Scientists Urge Conversion of Ships into Military Bases to Protect Territorial Waters

22 Oktober 2015

Malaysia's seabase (photo : Hishamuddin, BAreport)

VietNamNet Bridge - Upgrading ships and turning them into mobile military bases, which Malaysia is doing, is within Vietnamese reach, scientists say.

Malaysia announced it has successfully turned over a transport vessel into a mobile military base, which can operate for a long time on the open sea.

Malaysian media reported that the vessel is Tun Azizan, a civil transport ship, which has been converted into a military base by order of the Malaysian navy.

Tun Azizan is the first mobile military base in South East Asia. It now can contain 99 people and provide necessary facilities, including accommodation, food storage, clothes washing room, a communication & operation room, electricity system, air conditioners, clean water and military infrastructure items.

Commenting about the move, Vietnamese maritime experts said this could also be implemented by Vietnam. They stressed that Vietnam has many things available to do this.

Regarding technical issues, Do Thai Binh, deputy chair of the Vietnam Shipbuilding Science Association, said engineers would have to re-design the ships on the basis of the original design when upgrading the ships for other purposes. 

However, this is expected to not be a complicated work because all ships have their “profiles”.

An analyst noted that there are many ways to make profits from old ships, rather than selling them as scrap iron. In Thailand, they can be sunk to serve sea tourism, and In France, large ships are converted into sea prisons. Liaoning aircraft carrier was once an amusement park.

He thinks that turning large transport ships into maritime bases would be the best choice for Vietnam. The bases will not only serve national defence, but also help fishermen in their offshore fishing.

When asked what ships can be used for the conversion, Binh said many old ships owned by Vinashin (the Vietnam Shipbuilding Industry Group) and the large ships that Vinalines (Vietnam National Shipping Lines) plans to give as payment for its debts.

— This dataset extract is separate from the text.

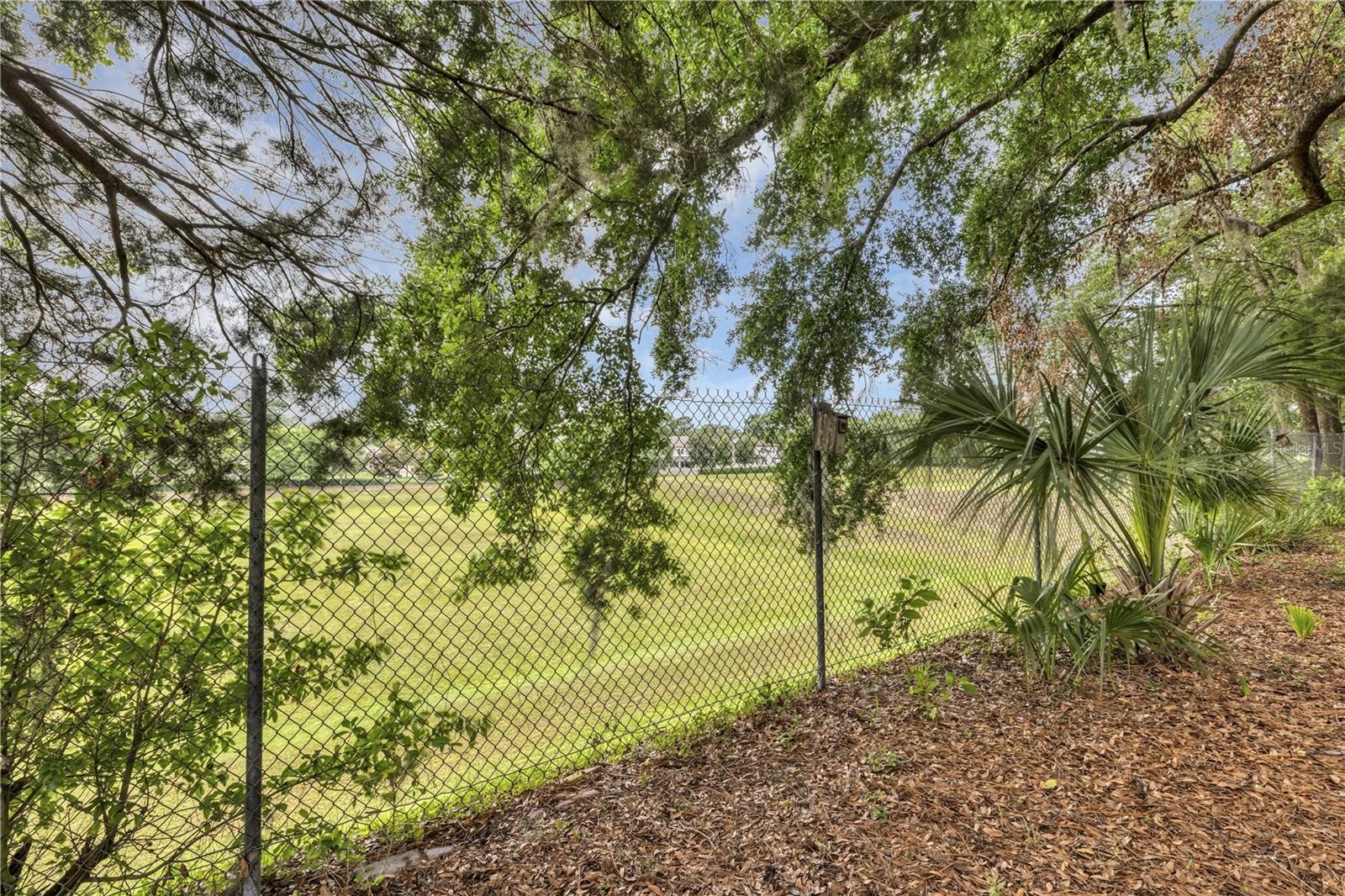 Image 45 of 50 For 2132 Palm Vista Drive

Phan Vinh Tri, a renowned navigation expert, also noted that Vietnam can take full advantage of the unused ships, including newly built ones. 

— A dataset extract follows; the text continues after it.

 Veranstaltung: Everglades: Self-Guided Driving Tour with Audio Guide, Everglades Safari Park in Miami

The ships will degrade rapidly if they are not put into use, and therefore, the ships’ owners are considering demolishing or selling them. However, Tri saidthey should be converted for other purposes. 

Tri thinks that it would be better to set up  “mobile islands” on the sea border area, which could be a couple of ships converted into general complexes for fishing logistics, communication, hydrometeorology, marine scientific research, search and rescue and marine police.

He has also suggested sinking old dry docks to create military bases, which the Philippines has done.